Works in both languages.

Translation of: Python
procedure main(A)
every write("Permutations of length ",n := !A) do
every p := permute(n) do write("\t",showList(p[1])," -> ",right(p[2],2))
end
 
procedure permute(n)
items := [[]]
every (j := 1 to n, new_items := []) do {
every item := items[i := 1 to *items] do {
if *item = 0 then put(new_items, [j])
else if i%2 = 0 then
every k := 1 to *item+1 do {
new_item := item[1:k] ||| [j] ||| item[k:0]
put(new_items, new_item)
}
else
every k := *item+1 to 1 by -1 do {
new_item := item[1:k] ||| [j] ||| item[k:0]
put(new_items, new_item)
}
}
items := new_items
}
suspend (i := 0, [!items, if (i+:=1)%2 = 0 then 1 else -1])
end
 
procedure showList(A)
every (s := "[") ||:= image(!A)||", "
return s[1:-2]||"]"
end

Sample run:

->pbs 3 4
Permutations of length 3
        [1, 2, 3] -> -1
        [1, 3, 2] ->  1
        [3, 1, 2] -> -1
        [3, 2, 1] ->  1
        [2, 3, 1] -> -1
        [2, 1, 3] ->  1
Permutations of length 4
        [1, 2, 3, 4] -> -1
        [1, 2, 4, 3] ->  1
        [1, 4, 2, 3] -> -1
        [4, 1, 2, 3] ->  1
        [4, 1, 3, 2] -> -1
        [1, 4, 3, 2] ->  1
        [1, 3, 4, 2] -> -1
        [1, 3, 2, 4] ->  1
        [3, 1, 2, 4] -> -1
        [3, 1, 4, 2] ->  1
        [3, 4, 1, 2] -> -1
        [4, 3, 1, 2] ->  1
        [4, 3, 2, 1] -> -1
        [3, 4, 2, 1] ->  1
        [3, 2, 4, 1] -> -1
        [3, 2, 1, 4] ->  1
        [2, 3, 1, 4] -> -1
        [2, 3, 4, 1] ->  1
        [2, 4, 3, 1] -> -1
        [4, 2, 3, 1] ->  1
        [4, 2, 1, 3] -> -1
        [2, 4, 1, 3] ->  1
        [2, 1, 4, 3] -> -1
        [2, 1, 3, 4] ->  1
->

[edit] J

J has a built in mechanism for representing permutations (which is designed around the idea of selecting a permutation uniquely by an integer) but it does not seem seem to have an obvious mapping to Steinhaus–Johnson–Trotter. Perhaps someone with a sufficiently deep view of the subject of permutations can find a direct mapping?
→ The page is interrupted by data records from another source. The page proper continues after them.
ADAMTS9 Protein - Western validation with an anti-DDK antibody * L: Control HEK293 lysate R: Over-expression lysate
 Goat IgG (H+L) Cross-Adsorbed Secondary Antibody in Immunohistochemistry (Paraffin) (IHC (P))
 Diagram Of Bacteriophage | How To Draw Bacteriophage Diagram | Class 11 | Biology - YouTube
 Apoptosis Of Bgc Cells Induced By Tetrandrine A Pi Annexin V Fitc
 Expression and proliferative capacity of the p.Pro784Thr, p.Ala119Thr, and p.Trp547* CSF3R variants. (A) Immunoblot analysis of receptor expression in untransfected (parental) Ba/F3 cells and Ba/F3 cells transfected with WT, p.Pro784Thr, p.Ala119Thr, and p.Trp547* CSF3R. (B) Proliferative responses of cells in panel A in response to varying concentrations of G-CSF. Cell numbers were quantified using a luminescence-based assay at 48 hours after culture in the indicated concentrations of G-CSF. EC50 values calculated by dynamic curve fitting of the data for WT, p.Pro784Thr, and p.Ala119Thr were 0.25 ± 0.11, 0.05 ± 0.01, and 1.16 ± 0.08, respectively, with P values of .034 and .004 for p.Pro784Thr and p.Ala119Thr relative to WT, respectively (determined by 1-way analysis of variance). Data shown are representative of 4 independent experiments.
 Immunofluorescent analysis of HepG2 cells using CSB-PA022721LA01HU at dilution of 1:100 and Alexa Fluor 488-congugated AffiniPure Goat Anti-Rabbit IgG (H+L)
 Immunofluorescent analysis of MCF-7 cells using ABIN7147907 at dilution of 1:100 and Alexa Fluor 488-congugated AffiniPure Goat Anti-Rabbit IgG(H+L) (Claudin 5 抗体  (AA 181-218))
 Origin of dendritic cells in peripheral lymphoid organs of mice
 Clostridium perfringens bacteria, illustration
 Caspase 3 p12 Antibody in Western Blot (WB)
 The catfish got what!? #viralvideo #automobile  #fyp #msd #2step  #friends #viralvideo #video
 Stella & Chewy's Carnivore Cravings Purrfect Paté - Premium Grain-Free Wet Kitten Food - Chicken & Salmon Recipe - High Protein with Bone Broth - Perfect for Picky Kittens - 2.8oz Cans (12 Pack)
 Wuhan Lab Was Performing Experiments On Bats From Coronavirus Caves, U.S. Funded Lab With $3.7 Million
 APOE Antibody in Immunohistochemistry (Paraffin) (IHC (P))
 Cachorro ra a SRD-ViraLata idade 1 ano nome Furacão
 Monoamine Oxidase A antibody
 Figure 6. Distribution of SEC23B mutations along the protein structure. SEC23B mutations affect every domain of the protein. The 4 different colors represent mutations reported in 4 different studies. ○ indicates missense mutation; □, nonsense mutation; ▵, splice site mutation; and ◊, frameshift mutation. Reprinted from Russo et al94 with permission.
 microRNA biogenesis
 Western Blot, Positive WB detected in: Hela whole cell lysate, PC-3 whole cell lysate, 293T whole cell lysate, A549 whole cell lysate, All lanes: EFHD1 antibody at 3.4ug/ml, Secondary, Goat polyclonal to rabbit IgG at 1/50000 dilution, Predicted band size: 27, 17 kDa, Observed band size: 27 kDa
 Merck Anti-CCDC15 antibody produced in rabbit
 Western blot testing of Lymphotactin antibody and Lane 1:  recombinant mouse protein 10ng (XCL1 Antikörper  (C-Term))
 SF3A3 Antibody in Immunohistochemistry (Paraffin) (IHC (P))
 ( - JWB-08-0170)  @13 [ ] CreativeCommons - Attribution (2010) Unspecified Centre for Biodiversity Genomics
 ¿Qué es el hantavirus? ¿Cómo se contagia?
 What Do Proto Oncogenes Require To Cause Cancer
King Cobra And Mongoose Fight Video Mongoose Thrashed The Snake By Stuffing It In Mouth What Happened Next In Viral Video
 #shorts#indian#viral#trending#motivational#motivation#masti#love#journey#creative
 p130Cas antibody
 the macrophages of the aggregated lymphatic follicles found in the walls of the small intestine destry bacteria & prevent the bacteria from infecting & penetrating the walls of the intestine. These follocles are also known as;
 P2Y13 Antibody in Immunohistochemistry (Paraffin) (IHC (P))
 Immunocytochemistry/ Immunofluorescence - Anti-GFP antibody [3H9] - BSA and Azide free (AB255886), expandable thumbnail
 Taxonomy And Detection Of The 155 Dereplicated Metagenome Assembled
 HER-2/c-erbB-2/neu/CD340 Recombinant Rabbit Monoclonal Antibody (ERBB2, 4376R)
Meanwhile, here's an inductive approach, using negative integers to look left and positive integers to look right:

bfsjt0=: _1 - i.
lookingat=: 0 >. <:@# <. i.@# + *
next=: | >./@:* | > | {~ lookingat
bfsjtn=: (((] <@, ] + *@{~) | i. next) C. ] * _1 ^ next < |)^:(*@next)

Here, bfsjt0 N gives the initial permutation of order N, and bfsjtn^:M bfsjt0 N gives the Mth Steinhaus–Johnson–Trotter permutation of order N. (bf stands for "brute force".)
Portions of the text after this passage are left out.